Distinguido señor ministro, respetado público, no hay nada que alabar, nada que condenar, nada a lo que culpar, pero muchas cosas son ridículas; todo es ridículo si se piensa en la Muerte.
Se va por la vida, impresionado, no impresionado, por el escenario, todo es intercambiable, mejor o peor adiestrado en un Estado de atrezo: ¡un error! Se comprende: un pueblo ignorante, un hermoso país… son padres muertos o concienzudamente sin conciencia, seres con la simplicidad y la vileza, con la pobreza de sus necesidades… Todo es una prehistoria sumamente filosófica e insoportable. Las eras históricas son deficientes mentales, lo demoníaco que hay en nosotros, una cárcel patria constante en la que los elementos de la estupidez y de la desconsideración se han convertido en necesidad cotidiana. El Estado es una creación constantemente condenada al fracaso, el pueblo, una creación ininterrumpidamente condenada a la infamia y la debilidad mental. La vida, una desesperanza en la que se apoyan las filosofías, en la que todo, en definitiva, tiene que volverse loco.
Somos austríacos, somos apáticos; somos la vida como desinterés común por la vida, somos, en el proceso de la naturaleza, el sentido de la megalomanía como futuro.
No tenemos nada que decir, salvo que somos miserables y que la imaginación nos ha hundido en una monotonía filosófico-económico-mecánica.
Medios orientados a la decadencia, criaturas de la agonía, todo se nos explica y no comprendemos nada.
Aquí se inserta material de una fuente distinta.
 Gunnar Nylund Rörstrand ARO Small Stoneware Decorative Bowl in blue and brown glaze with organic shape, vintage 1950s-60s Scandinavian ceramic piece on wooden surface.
Poblamos un trauma, tememos y tenemos derecho a temer, vemos ya, aunque imprecisamente al fondo, los gigantes del miedo.
Lo que pensamos es repensado, lo que sentimos es caótico, lo que somos no está claro.
No tenemos que avergonzarnos, pero no somos ni nos merecemos más que el caos.
Doy las gracias a este jurado, en mi nombre y en el de los galardonados conmigo, y muy expresamente a todos los presentes.